PROMPT.
Exactly as written, give again the line with "фото №7, Bmw" and all subsequent lines through the end of the records.

(Records drawn from a dataset)

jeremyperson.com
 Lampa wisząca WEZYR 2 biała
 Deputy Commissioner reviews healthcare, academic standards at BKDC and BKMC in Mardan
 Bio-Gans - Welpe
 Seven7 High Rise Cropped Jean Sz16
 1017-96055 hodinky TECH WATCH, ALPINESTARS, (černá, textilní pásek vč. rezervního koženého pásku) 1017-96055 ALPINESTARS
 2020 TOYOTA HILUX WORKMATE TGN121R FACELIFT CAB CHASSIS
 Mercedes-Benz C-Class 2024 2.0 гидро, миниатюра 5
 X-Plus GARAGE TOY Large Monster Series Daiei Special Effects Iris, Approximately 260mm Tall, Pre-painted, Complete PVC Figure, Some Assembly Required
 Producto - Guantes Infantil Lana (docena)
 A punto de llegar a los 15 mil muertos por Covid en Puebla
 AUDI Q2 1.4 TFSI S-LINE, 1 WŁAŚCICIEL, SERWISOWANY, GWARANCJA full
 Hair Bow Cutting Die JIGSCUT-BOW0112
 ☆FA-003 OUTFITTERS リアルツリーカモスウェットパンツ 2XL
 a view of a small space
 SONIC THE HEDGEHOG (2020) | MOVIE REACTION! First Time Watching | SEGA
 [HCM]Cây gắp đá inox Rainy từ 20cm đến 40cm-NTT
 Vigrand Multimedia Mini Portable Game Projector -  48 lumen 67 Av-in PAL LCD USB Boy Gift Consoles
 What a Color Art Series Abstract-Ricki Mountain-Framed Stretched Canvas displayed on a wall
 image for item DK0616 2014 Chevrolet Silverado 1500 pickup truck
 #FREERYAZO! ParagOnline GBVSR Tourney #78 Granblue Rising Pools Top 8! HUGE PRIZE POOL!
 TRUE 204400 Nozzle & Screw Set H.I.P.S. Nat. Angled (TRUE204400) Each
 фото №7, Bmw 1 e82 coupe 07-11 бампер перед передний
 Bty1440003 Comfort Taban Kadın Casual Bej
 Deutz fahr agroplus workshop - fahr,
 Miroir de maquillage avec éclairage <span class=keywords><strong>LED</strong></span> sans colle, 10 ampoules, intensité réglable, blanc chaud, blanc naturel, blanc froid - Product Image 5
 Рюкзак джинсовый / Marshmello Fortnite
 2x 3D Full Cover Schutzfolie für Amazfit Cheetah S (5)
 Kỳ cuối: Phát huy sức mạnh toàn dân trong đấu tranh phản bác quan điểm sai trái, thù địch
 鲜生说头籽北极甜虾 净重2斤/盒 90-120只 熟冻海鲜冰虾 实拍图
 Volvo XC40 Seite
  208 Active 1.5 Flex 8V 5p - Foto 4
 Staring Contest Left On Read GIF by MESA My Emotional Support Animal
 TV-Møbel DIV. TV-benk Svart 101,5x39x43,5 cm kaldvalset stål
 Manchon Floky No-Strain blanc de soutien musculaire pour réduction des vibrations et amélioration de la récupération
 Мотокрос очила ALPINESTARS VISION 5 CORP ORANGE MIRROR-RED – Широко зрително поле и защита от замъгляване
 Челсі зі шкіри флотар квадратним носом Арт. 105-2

RESPONSE TO THE TASK.
 фото №7, Bmw 1 e82 coupe 07-11 бампер перед передний
 Bty1440003 Comfort Taban Kadın Casual Bej
 Deutz fahr agroplus workshop - fahr,
 Miroir de maquillage avec éclairage <span class=keywords><strong>LED</strong></span> sans colle, 10 ampoules, intensité réglable, blanc chaud, blanc naturel, blanc froid - Product Image 5
 Рюкзак джинсовый / Marshmello Fortnite
 2x 3D Full Cover Schutzfolie für Amazfit Cheetah S (5)
 Kỳ cuối: Phát huy sức mạnh toàn dân trong đấu tranh phản bác quan điểm sai trái, thù địch
 鲜生说头籽北极甜虾 净重2斤/盒 90-120只 熟冻海鲜冰虾 实拍图
 Volvo XC40 Seite
  208 Active 1.5 Flex 8V 5p - Foto 4
 Staring Contest Left On Read GIF by MESA My Emotional Support Animal
 TV-Møbel DIV. TV-benk Svart 101,5x39x43,5 cm kaldvalset stål
 Manchon Floky No-Strain blanc de soutien musculaire pour réduction des vibrations et amélioration de la récupération
 Мотокрос очила ALPINESTARS VISION 5 CORP ORANGE MIRROR-RED – Широко зрително поле и защита от замъгляване
 Челсі зі шкіри флотар квадратним носом Арт. 105-2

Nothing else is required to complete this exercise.